[Information given Boundary: Start]

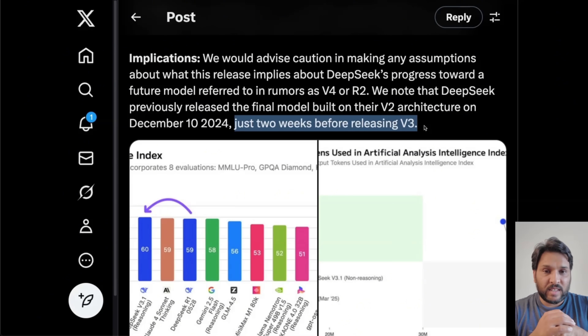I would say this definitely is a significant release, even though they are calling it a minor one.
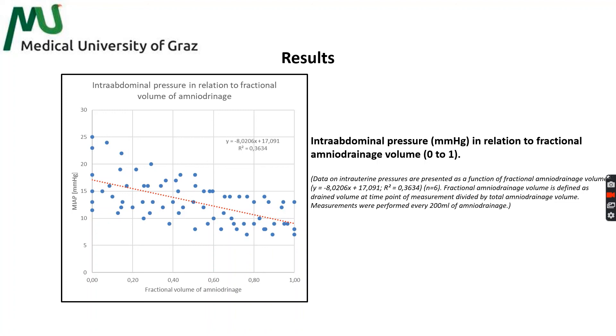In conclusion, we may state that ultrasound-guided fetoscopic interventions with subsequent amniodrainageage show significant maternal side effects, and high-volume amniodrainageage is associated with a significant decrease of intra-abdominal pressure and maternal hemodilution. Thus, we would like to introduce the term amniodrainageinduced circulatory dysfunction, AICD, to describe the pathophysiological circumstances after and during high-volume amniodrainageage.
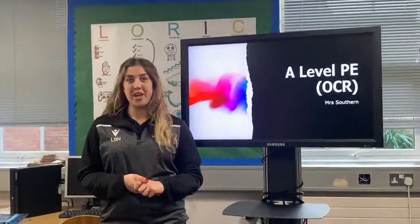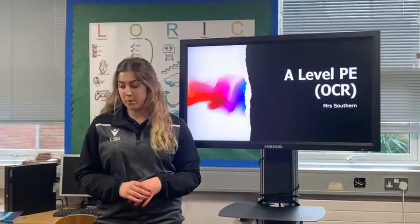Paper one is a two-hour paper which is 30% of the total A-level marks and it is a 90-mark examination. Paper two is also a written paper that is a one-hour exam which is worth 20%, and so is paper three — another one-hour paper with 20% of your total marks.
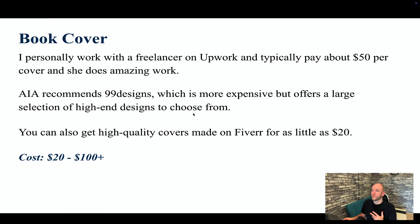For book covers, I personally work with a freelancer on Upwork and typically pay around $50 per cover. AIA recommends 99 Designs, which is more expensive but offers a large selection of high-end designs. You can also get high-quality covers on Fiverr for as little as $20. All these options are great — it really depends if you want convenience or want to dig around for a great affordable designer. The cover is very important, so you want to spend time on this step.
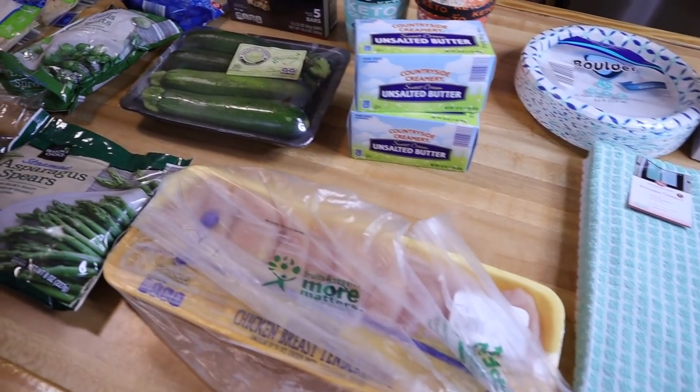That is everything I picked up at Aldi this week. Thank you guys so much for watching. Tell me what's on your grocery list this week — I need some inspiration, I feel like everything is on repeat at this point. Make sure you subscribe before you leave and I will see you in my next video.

[Information given Boundary: End]

Exercise prompt.
What is needed is a verbatim transcription of the records, minus the pictures.

Output for this task.
I would say this definitely is a significant release, even though they are calling it a minor one.
In conclusion, we may state that ultrasound-guided fetoscopic interventions with subsequent amniodrainageage show significant maternal side effects, and high-volume amniodrainageage is associated with a significant decrease of intra-abdominal pressure and maternal hemodilution. Thus, we would like to introduce the term amniodrainageinduced circulatory dysfunction, AICD, to describe the pathophysiological circumstances after and during high-volume amniodrainageage.
Paper one is a two-hour paper which is 30% of the total A-level marks and it is a 90-mark examination. Paper two is also a written paper that is a one-hour exam which is worth 20%, and so is paper three — another one-hour paper with 20% of your total marks.
For book covers, I personally work with a freelancer on Upwork and typically pay around $50 per cover. AIA recommends 99 Designs, which is more expensive but offers a large selection of high-end designs. You can also get high-quality covers on Fiverr for as little as $20. All these options are great — it really depends if you want convenience or want to dig around for a great affordable designer. The cover is very important, so you want to spend time on this step.
That is everything I picked up at Aldi this week. Thank you guys so much for watching. Tell me what's on your grocery list this week — I need some inspiration, I feel like everything is on repeat at this point. Make sure you subscribe before you leave and I will see you in my next video.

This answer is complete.